PATRICK COCKBURN, ALTERNET - It has been the strangest war. It had
hardly begun in 2003 when President George W. Bush announced on May 1
that it was over: the American mission had been accomplished. Months
passed before Washington and London realized that the conflict had not
finished. In fact, the war was only just beginning. Three years after
Bush had spoken the US military had suffered 20,000 dead and injured in
Iraq, 95% of the casualties inflicted after the fall of Baghdad.

Almost without thinking, the US put to the test its claim to be the only
superpower in the world. It spurned allies inside and outside Iraq; in
invading Iraq Tony Blair was Bush's only significant supporter. The
first President George Bush led a vast UN-backed coalition to complete
victory in the Gulf War in 1991 largely because he fought a conservative
war to return the Middle East to the way it was before Iraq's invasion
of Kuwait.
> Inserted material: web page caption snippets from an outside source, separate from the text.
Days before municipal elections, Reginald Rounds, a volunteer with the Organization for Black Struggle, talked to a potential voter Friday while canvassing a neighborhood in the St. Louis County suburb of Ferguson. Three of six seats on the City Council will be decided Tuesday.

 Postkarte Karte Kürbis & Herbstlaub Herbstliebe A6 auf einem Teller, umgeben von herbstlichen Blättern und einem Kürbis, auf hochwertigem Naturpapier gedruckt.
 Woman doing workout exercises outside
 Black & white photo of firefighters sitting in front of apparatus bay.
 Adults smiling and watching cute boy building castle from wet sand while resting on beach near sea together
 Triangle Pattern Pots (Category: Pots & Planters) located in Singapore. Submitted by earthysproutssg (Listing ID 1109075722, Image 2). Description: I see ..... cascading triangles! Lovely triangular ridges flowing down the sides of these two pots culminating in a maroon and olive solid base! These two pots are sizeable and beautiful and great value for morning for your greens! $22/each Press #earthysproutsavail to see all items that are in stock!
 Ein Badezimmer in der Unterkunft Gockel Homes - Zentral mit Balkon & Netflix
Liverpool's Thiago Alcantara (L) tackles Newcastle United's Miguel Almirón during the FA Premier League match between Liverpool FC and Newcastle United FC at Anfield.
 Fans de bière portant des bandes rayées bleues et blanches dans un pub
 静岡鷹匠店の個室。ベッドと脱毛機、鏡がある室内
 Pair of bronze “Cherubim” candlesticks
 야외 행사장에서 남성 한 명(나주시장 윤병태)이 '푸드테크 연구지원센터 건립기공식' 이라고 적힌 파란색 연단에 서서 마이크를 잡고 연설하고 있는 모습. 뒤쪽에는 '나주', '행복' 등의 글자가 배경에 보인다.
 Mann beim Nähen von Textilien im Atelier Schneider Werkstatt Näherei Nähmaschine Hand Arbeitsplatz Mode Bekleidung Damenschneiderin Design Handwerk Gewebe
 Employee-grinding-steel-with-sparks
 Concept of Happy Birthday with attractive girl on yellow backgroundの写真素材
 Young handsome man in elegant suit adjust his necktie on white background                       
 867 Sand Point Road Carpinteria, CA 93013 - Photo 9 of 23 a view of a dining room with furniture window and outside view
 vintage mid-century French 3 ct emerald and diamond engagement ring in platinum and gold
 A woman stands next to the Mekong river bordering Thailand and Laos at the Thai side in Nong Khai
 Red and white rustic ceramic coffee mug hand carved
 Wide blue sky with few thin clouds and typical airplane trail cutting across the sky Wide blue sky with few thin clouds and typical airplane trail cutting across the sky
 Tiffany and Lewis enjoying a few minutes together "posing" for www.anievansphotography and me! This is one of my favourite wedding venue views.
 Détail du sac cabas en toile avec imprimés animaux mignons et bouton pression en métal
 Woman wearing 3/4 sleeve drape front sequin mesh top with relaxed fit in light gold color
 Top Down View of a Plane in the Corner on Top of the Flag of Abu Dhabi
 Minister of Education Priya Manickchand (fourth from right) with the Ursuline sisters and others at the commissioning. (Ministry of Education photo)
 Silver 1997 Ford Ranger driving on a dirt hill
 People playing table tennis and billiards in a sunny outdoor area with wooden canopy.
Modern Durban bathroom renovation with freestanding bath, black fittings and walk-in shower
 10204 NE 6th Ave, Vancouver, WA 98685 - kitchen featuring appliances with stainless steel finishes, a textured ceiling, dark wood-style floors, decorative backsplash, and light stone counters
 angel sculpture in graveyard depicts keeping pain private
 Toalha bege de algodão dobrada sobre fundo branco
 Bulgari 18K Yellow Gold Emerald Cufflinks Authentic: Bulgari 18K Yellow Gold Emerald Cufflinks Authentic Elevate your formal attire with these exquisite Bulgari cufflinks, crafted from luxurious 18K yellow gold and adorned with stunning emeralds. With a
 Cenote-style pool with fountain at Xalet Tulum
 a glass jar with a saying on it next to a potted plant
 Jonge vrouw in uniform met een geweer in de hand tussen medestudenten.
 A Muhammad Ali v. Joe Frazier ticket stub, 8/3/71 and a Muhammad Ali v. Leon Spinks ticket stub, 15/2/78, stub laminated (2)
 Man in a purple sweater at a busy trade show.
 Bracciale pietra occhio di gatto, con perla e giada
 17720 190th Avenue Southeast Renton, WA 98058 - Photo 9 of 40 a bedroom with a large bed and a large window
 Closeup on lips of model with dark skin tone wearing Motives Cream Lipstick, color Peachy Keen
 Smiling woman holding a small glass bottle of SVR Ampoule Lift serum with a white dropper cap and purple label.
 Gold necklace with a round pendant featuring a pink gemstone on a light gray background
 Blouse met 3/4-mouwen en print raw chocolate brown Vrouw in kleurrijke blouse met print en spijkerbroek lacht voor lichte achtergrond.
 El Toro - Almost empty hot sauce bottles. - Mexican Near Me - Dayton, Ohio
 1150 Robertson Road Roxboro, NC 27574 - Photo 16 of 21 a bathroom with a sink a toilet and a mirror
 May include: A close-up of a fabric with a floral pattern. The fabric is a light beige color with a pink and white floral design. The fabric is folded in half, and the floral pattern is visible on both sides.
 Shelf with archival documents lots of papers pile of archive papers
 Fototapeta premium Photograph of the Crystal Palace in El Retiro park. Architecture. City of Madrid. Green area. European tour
It was a status quo with which the world was familiar, and
restoring was therefore supported internationally -- and in the Middle
East. The war launched by his son, George W. Bush, twelve years later in
2003 was a far more radical venture. It was nothing less than an attempt
to alter the balance of power in the world. The US, acting almost alone,
would seize control of a country with vast oil reserves. It would assume
quasi-colonial control over a nation which fifteen years previously had
been the greatest Arab power. Senior American officials openly
threatened to change the governments of states neighboring Iraq.